O ‘Memorando de Entendimentos’ que trata da entrega da Embraer para a multinacional norte-americana Boeing, explicita que na verdade se trata da doação de umas das maiores empresas de aeronáutica do mundo para os americanos.
Pelo acordo entre as empresas, que foi registrado na cidade de Nova Iorque e estava sendo mantido em sigilo, a Embraer entra como sócia minoritária (com apensa 20%) em uma nova empresa, chamada de NewCo, e será montada com toda a operação comercial da brasileira Embraer. Já a Boeing, nada.
O Memorando foi obtido pelo Ministério Público do Trabalho (MPT), que busca salvaguardar os direitos dos trabalhadores num eventual acordo entre as empresas. Entretanto, ao analisarmos o Memorando, divulgado pelo procurador Rafael de Araújo Gomes, fica claro que o objetivo dos americanos é de adquirir a Embraer com o único objetivo de eliminar a concorrência da empresa brasileira e fazer da sua estrutura, mais uma montadora de projetos da Boeing.
Pelo acordo, que conta com a chancela do governo Temer, a Boeing se torna sócia majoritária da nova empresa pagando a miséria de US$ 3,8 bilhões.
Atualmente as operações comerciais da Embraer representam 60% de suas receitas. Ou seja, com a venda das operações comerciais para a Boeing, o que restará nas mãos da Embraer são as operações na área de Defesa & Segurança, além da área de jatos executivos, áreas essas de investimento, pesquisa e nem tantos retornos financeiros. As operações comerciais são rentáveis e geram muito dos recursos usados pela empresa para garantir as outras áreas de atuação que são estratégicas para o país.
Segundo o Memorando de Entendimentos fica assegurado à Boeing “o integral controle estratégico e operacional e a administração dos negócios relacionados à aviação comercial da Embraer e sua total integração com a Boeing”.
“Os negócios de aviação comercial da Embraer, operações relacionadas a capacidade de engenharia correlata são transferidos para uma companhia segregada, recém constituída (NewCo), na que a Boeing adquire uma participação acionária de 80%”, diz o memorando.
“A Embraer contrata os negócios da Defesa & Segurança e de jatos executivos, bem como operações relacionadas a capacidade de engenharia correlata, e detém uma participação acionária de 20% no capital da NewCo”, afirma o memorando.
Para piorar o negócio para a empresa brasileira, além de sócia minoritária de si mesma, ainda não terá nenhum poder de decisão no que acontecerá na tal NewCo. “A Boeing teria o controle total operacional e administrativo da NewCo. A NewCo teria um conselho administrativo, cujos membros seriam indicados pela Boeing, e seria administrada por uma diretoria indicada pelo conselho de administração; a Embraer indicaria um membro para atuar como observador (sem direito a voto) junto ao conselho de administração” salienta o memorando.

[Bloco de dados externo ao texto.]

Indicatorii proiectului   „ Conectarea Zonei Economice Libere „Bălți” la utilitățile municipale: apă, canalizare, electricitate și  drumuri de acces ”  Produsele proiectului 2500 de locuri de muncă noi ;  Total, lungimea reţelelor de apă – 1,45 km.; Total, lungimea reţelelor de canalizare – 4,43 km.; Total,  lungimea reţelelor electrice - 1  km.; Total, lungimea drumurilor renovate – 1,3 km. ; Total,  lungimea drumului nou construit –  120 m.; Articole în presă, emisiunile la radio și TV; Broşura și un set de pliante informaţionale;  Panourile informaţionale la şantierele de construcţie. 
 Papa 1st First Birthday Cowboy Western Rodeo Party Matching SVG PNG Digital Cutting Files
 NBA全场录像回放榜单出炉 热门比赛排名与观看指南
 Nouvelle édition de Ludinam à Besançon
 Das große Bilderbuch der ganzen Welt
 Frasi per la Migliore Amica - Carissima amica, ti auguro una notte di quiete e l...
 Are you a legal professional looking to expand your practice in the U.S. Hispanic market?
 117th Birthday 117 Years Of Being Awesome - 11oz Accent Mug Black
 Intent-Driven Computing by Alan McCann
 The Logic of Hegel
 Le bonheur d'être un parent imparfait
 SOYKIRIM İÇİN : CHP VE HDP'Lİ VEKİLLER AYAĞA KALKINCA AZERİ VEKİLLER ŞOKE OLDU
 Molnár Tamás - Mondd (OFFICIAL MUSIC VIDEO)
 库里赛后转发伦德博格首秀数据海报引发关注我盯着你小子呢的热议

Ainda segundo o acordo, “os negócios de aviação comercial, com capacidade de desenvolvimento de produtos end-to-end, serão transferidos para NewCo, incluindo todos os aspectos das plataformas de aviação comercial da Embraer (design, fabricação, certificação, teste, venda, entrega, etc), incluindo os modelos ERJ, Ejet e E2 de aeronaves de jato regionais, bem como todas as formas de assistência e outros serviços pós-venda para tais plataformas (modificações, logística, MRO, treinamento, etc.)”.
VALOR
Além do entreguismo puro e sem caráter, não há outra justificativa para que o governo Temer, que detém a chamada golden share – que dá direito a veto nessa transação, e os diretores da Embraer estejam realizando tal negociata. A empresa que, apesar de ter sido privatizada no governo FHC, ainda está nas mãos dos brasileiros, tem um valor estratégico e até mesmo financeiro, muito superior aos US$ 3,8 bilhões, oferecidos pela Boeing.
Para se ter uma ideia, em um único projeto, o do cargueiro KC-390, o governo brasileiro investiu US$ 2 bilhões, além de se comprometer a comprar 28 aeronaves. Nos últimos anos, a Embraer foi uma das principais beneficiadas pelo governo, com financiamentos, benefícios na área da Defesa, e isenção de impostos. Somente o BNDES, financiou entre 2001 a 2016 mais US$ 14 bilhões em exportações de aviões montados no Brasil. A Embraer também tem preferência nas compras de equipamentos de vigilância de fronteira, na construção de satélites e na fabricação e manutenção dos novos caças que estão sendo produzidos em parceira com a sueca Saab-Gripen, com transferência de tecnologia.
SIGILO
No despacho do Ministério Público do Trabalho, que move ação para garantir empregos e produção da Embraer no Brasil, o procurador Rafael de Araújo Gomes conseguiu derrubou o sigilo do “Memorando de Entendimento” por considerar não haver justificativa para o sigilo da negociata de entrega do patrimônio dos brasileiros à Boeing.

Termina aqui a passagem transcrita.